Die Liste der Säle, Cafés und Bars, in denen Heinz Kunert mit seinen eigenen, zum Teil unterschiedlich besetzten, Bands spielte, ist lang. „Unser erstes festes Engagement hatten wir im Jumbotunnel“, erzählt er. So hieß die Gaststätte, die im Kellergewölbe des Zirkus Sarrasani eingerichtet worden war. Der Theaterbau selbst war völlig ausgebombt, doch darunter keimte der Vergnügungswille. „Wir hatten damals nur ein kleines Repertoire. La Paloma haben wir deshalb mindestens dreimal am Abend gespielt.“ Was spielen, was nicht spielen – welch leidige Frage! Besonders Heinz Kunert, der aus amerikanischer Gefangenschaft so großartige Titel kannte, hatte wenig Freude an der sogenannten 60-40-Regelung. Sie bedeutete, dass Kapellen nur 40 Prozent Musik aus dem kapitalistischen Ausland spielen durften. 60 Prozent der Titel mussten aus Ländern des sozialistischen Lagers stammen. „Wir haben uns daraus einen Jux gemacht.“ Zum Beispiel kündigte die Band „einen Foxtrott von Max Schmeling“ an. Er hieß angeblich „Wer kann mir fünf Pfund weißes Mehl besorgen?“ Dann spielte Kunerts Quartett einen West-Hit, den sicher auch die Boxlegende klasse gefunden hätte.

In der Kakadu-Bar, im Schillergarten, im Waldparkhotel, im Hotel Astoria und in vielen Tanzlokalen mehr verbreitete Heinz Kunert Lebensfreude und hatte selbst so viel Spaß daran. Leidenschaft, Talent und hochkarätige Musiker an seiner Seite, davon lebte sein Erfolg. Sicherlich auch dafür, dass Heinz Kunert und viele seiner Künstlerkollegen auf Auslandsreisen geschickt wurden. „Die DDR wollte in der Welt als Staat anerkannt sein und zeigte sich auf Staatsbesuchen von der besten Seite, auch im kulturellen Bereich.“ So reiste die Delegation nach Indonesien, Kambodscha, Russland und in die Schweiz. Immer wieder gern erzählt Heinz Kunert die Geschichte, wie er zum „Offizier der schönen Künste“ berufen wurde: „Wir hatten in Kambodscha vor Regierungsvertretern gespielt, und nach dem letzten Lied kam Prinz Norodom Sihanouk auf die Bühne.“ Das Staatsoberhaupt überreichte dem Bandleader einen Orden, aufwendig gefertigt, am sonnengelben Band mit Rosette versehen. Kunert fühlte sich geehrt, doch die Freude währte nicht lange. Zurück in der DDR musste er sich Kritik gefallen lassen: „Weil ich die Ehrung angenommen hatte, ohne mir bei unserer Regierung dafür die Erlaubnis geholt zu haben.“ Der Orden wurde konfisziert, und Heinz Kunert blieb lediglich Kunstoffizier der kambodschanischen Herzen. „Schließlich aber gab Willi Stoph höchstpersönlich das Okay, und Kunert bekam seinen Orden zurück.

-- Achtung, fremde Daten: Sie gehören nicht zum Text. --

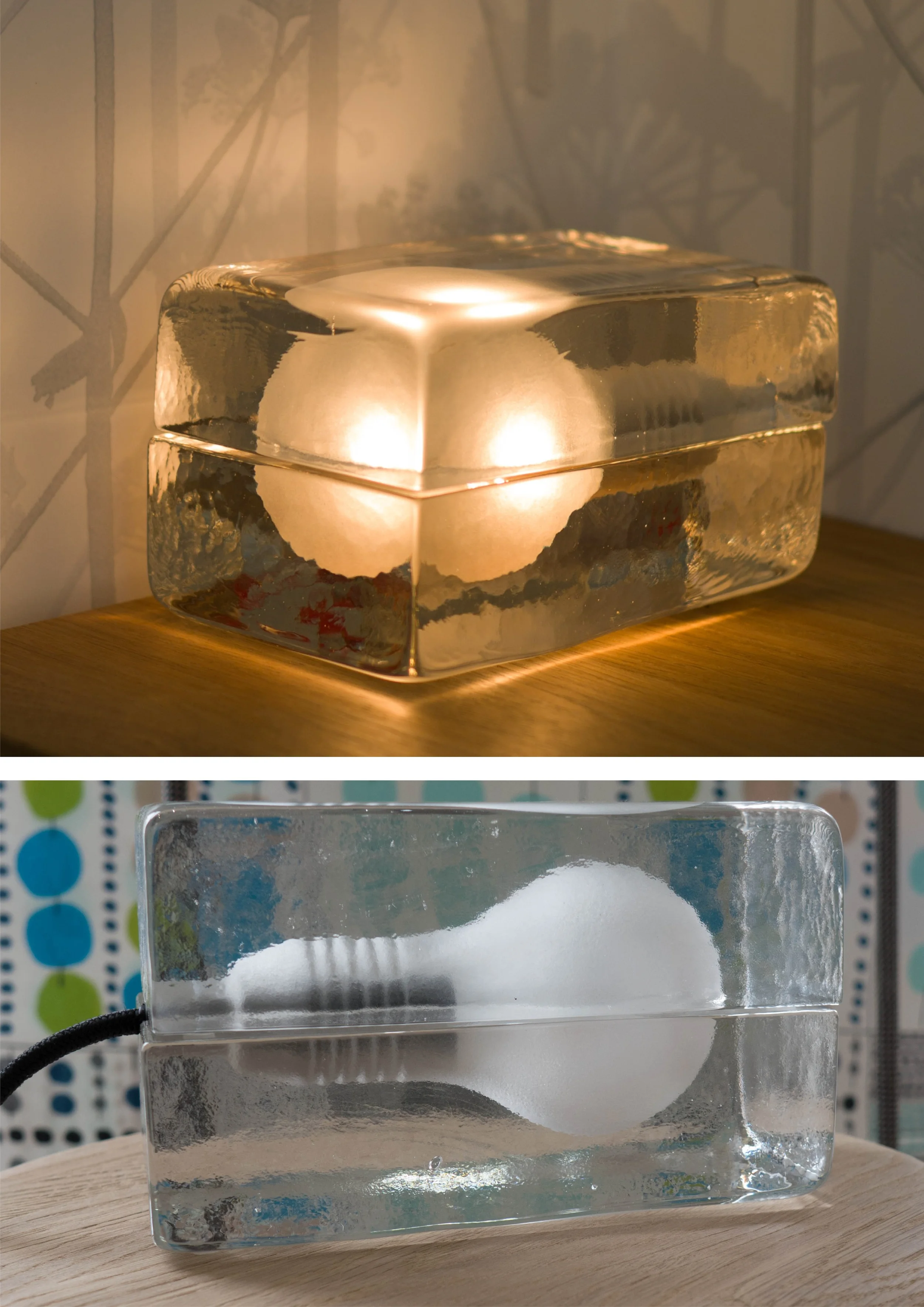 lighting from Design House Stockholm — danish architecture and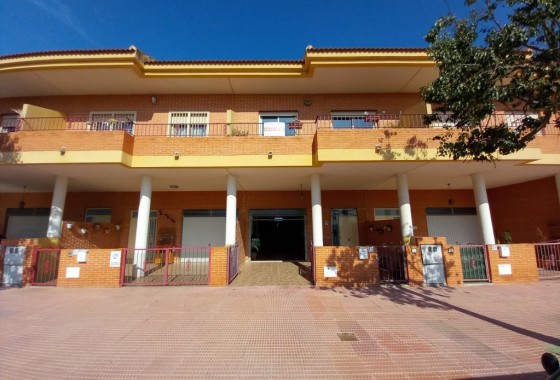 Maison de ville - Revente - Daya Nueva - Daya Nueva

Dieser Orden wurde ihm von Kambodschas Staatschef verliehen.
Dieser Orden wurde ihm von Kambodschas Staatschef verliehen. © Sven Ellger

Für zahlreiche Künstler schrieb Heinz Kunert Titel, unter anderen für Dorit Gäbler und für Helga Endlich, mit der Kunert oft auf der Bühne stand. Filmmusiken schrieb er und spielte live für Rundfunksendungen. Die wurden im Deutschen Hygienemuseum produziert und gingen live direkt in den Äther. „Kollegen, denkt dran: Was naus is, is naus!“, habe der Leiter des Großen Rundfunkorchesters, Hans-Hendrik Wehding, immer gewarnt. Heinz Kunert lacht darüber noch heute. Auch seine Werke sind für immer in der Welt.